Material for the task START

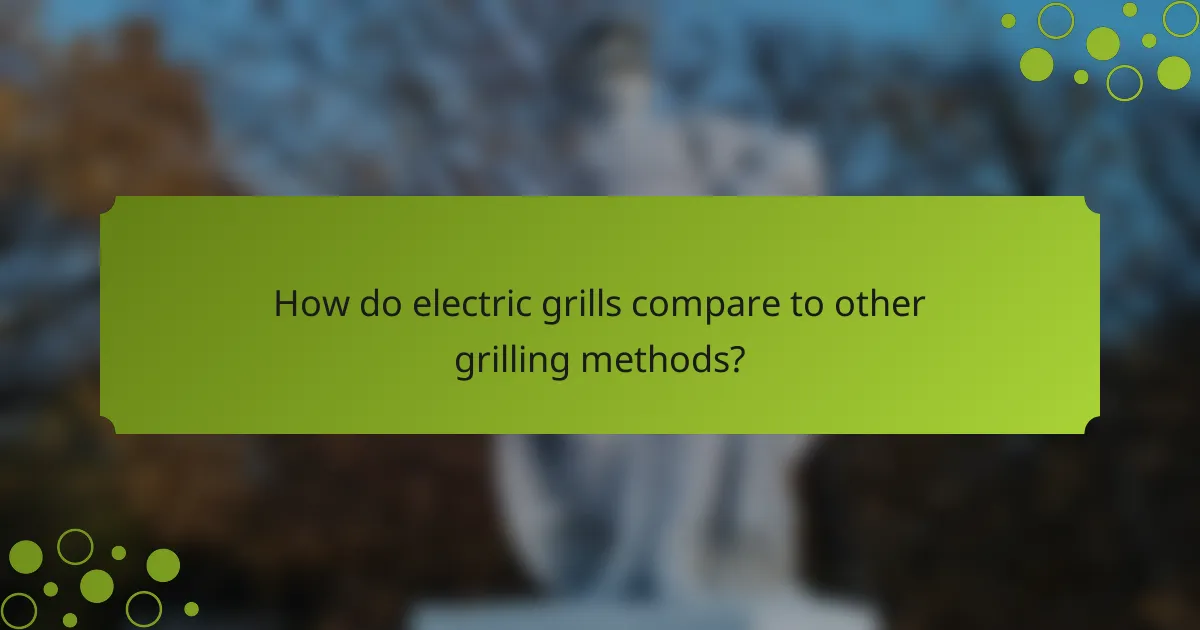How do electric grills compare to other grilling methods?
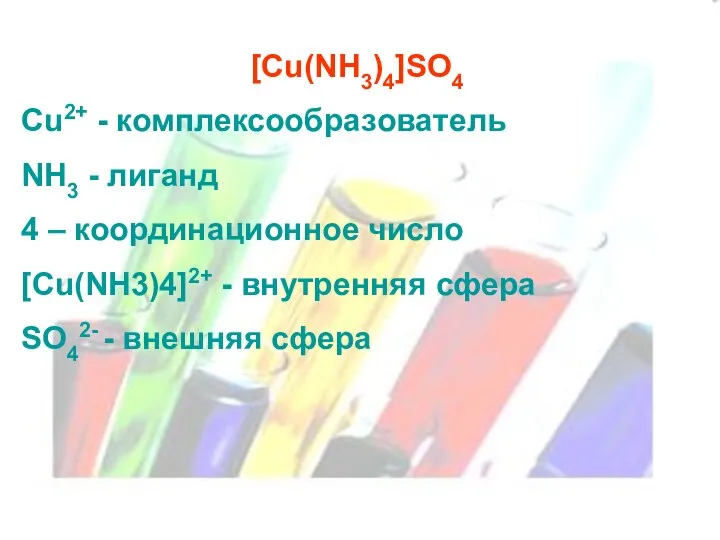 [Cu(NH3)4]SO4 Cu2+ - комплексообразователь NH3 - лиганд 4 – координационное число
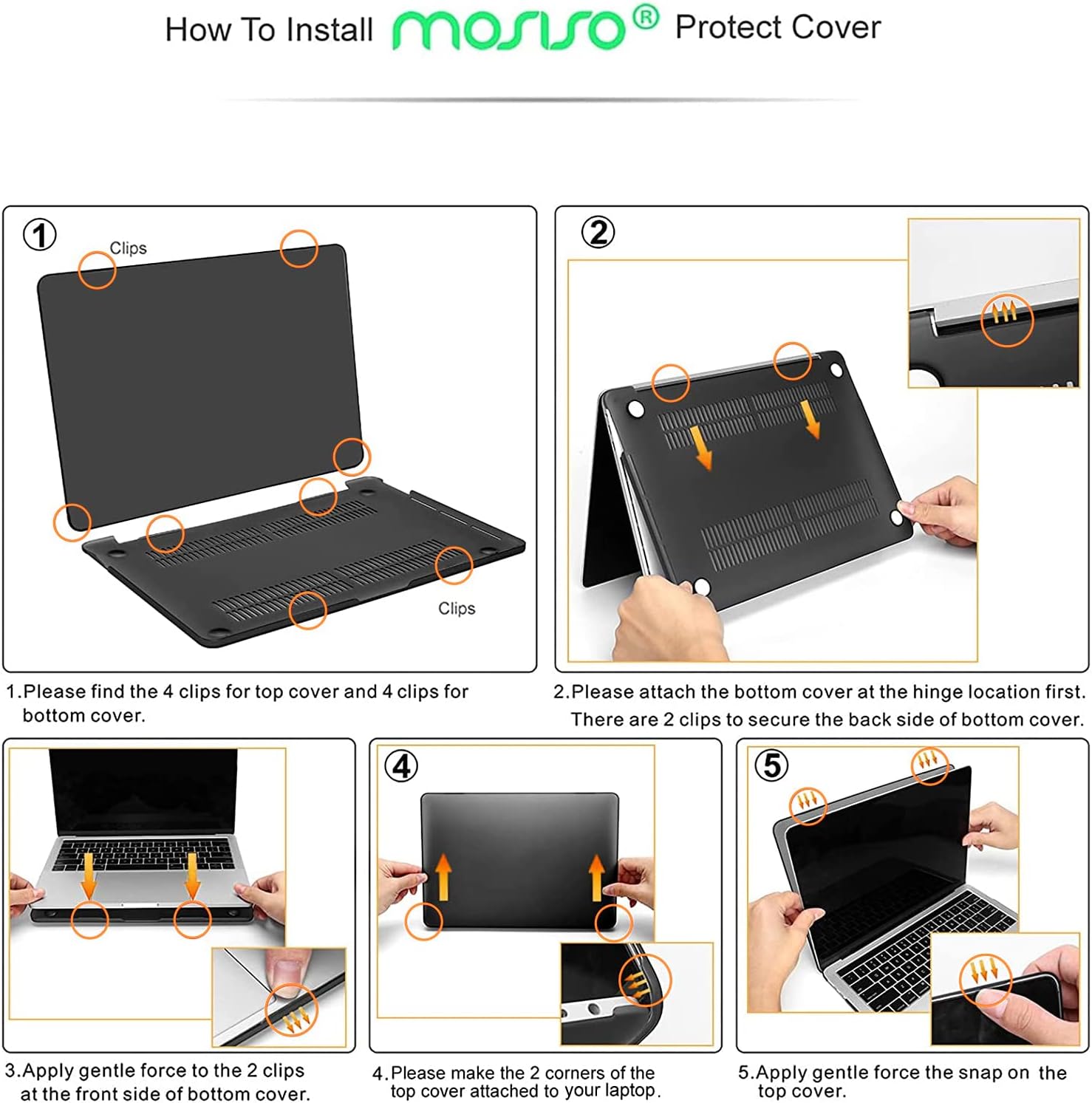 How To Install morsso® Protect Cover

1. Please find the 4 clips for top cover and 4 clips for bottom cover.

2. Please attach the bottom cover at the hinge location first. There are 2 clips to secure the back side of bottom cover.

3. Apply gentle force to the 2 clips at the front side of bottom cover.

4. Please make the 2 corners of the top cover attached to your laptop. Apply gentle force to snap on the top cover.

5. Apply gentle force to snap on the top cover.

Material for the task END

*What you should do*. Out of the data above, set down the lines from the one with "1. Please find" to the one with "4. Please make", both included, exactly as written and with no additions.

*Answer area*.
1. Please find the 4 clips for top cover and 4 clips for bottom cover.

2. Please attach the bottom cover at the hinge location first. There are 2 clips to secure the back side of bottom cover.

3. Apply gentle force to the 2 clips at the front side of bottom cover.

4. Please make the 2 corners of the top cover attached to your laptop. Apply gentle force to snap on the top cover.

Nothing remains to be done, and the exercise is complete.